Per compilare una lista di super-delegati ebrei, il Forward ha incluso funzionari eletti e membri del DNC conosciuti sui giornali come ebrei, La Turnbull ha identificato ulteriori membri ebrei del DNC, e la lista del Forward è stata verificata dai responsabili delle campagne della Clinton e di Obama. Tale lista può aver omesso dei super-delegati ebrei la cui appartenenza religiosa non è notoria.

Nelle attuali primarie presidenziali, il sostegno dei super-delegati ebrei è particolarmente importante per la Clinton, che ha vinto le competizioni di New York, del New Jersey e della California e ha il sostegno assicurato di una maggioranza di super-delegati ebrei del Golden State e del Nordest – inclusa una dozzina circa del suo stato di provenienza di New York.

Nelle ultime settimane, mentre il senatore dell’Illinois Barack Obama si è assicurato un numero maggiore di nuovi super-delegati e ha strappato alla Clinton alcuni super-delegati che all’inizio si erano impegnati in favore della sua avversaria, i sostenitori della Clinton si sono adoperati per rafforzare il suo consenso e per contrastare la crescente percezione da parte di molti all’interno del partito che se Obama conserva la sua attuale supremazia nel voto popolare, come pure nel numero totale di stati e di delegati, i super-delegati finiranno per associarsi a lui.

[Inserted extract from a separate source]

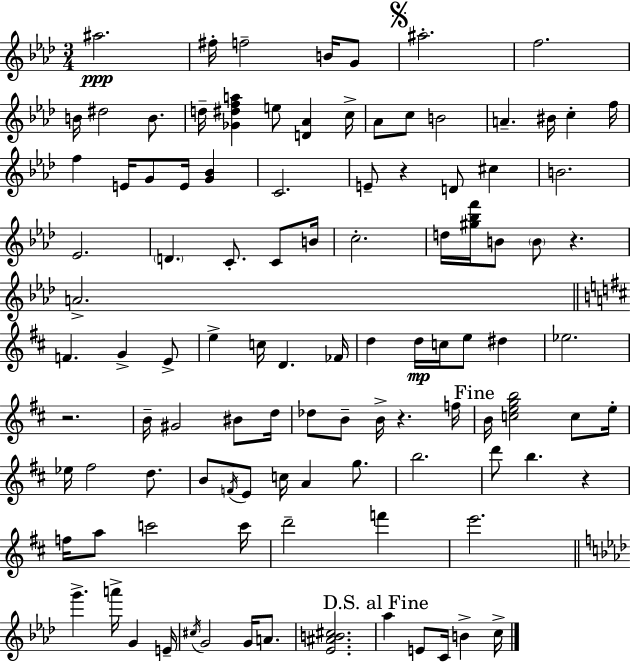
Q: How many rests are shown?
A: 5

I super-delegati “non sono stati selezionati dal partito a livello nazionale per essere come piante dentro i vasi o come timbri di gomma”, ha scritto Grossman, uno dei principali raccoglitori di fondi della Clinton, in una lettera aperta da lui spedita nei giorni scorsi ai membri del DNC. La lettera ha invitato coloro che sono ancora indecisi a sospendere la propria decisione sulla competizione in corso fino a quando saranno concluse tutte le primarie all’inizio di Giugno.

In un’intervista al Forward, Grossman sosteneva che se il risultato della combattuta Florida verrà conteggiato e se la Clinton andrà forte nelle restanti primarie, il risultato complessivo sarebbe non risolutivo e rientrerebbe nella responsabilità dei super-delegati votare secondo coscienza.

Ma a dispetto degli sforzi per assicurarsi il loro sostegno nelle ultime settimane, diversi super-delegati ebrei che sono attualmente già schierati hanno detto al Forward che essi potrebbero cambiare il loro voto.

“Mi trovo tra l’incudine e il martello”, ha detto June Fisher, 76 anni, membro del DNC proveniente dal New Jersey, che ha lavorato per diversi democratici nel corso di una lunga carriera politica, e che attualmente lavora come coordinatrice part-time di progetti speciali per il senatore Bob Menendez. Mentre la Fisher aveva appoggiato la Clinton dopo che la sua scelta iniziale – il senatore Joseph Biden del Delaware – era uscita di scena, ella ha detto che sarebbe disponibile a riconsiderare la propria decisione – e questo a dispetto di due telefonate ricevute dall’ex presidente Bill Clinton, delle quali una proprio nelle ultime due settimane.

Rachel Binah, un’attivista democratica di lungo corso proveniente dalla California settentrionale, ha detto di essersi impegnata in favore della senatrice di New York dopo aver ricevuto “pesanti pressioni”, incluse telefonate sia da parte di Chelsea che di Hillary Clinton. Binah ha spiegato il suo dilemma in termini alquanto più spicci.

“Chiunque abbia un po’ di buon senso non lo avrebbe dichiarato, e se io fossi intelligente non lo direi”, ha detto Binah al Forward. “Ma come si può dire di no alla ex first lady, e potenzialmente prima donna presidente, che ti parla di persona per 20 minuti al telefono?”
[1] Traduzione di Andrea Carancini. Il testo originale è disponibile all’indirizzo: http://www.forward.com/articles/12998/
[2] Il caucus è, in senso generico, un incontro che si svolge tra i sostenitori di un partito politico o di un movimento.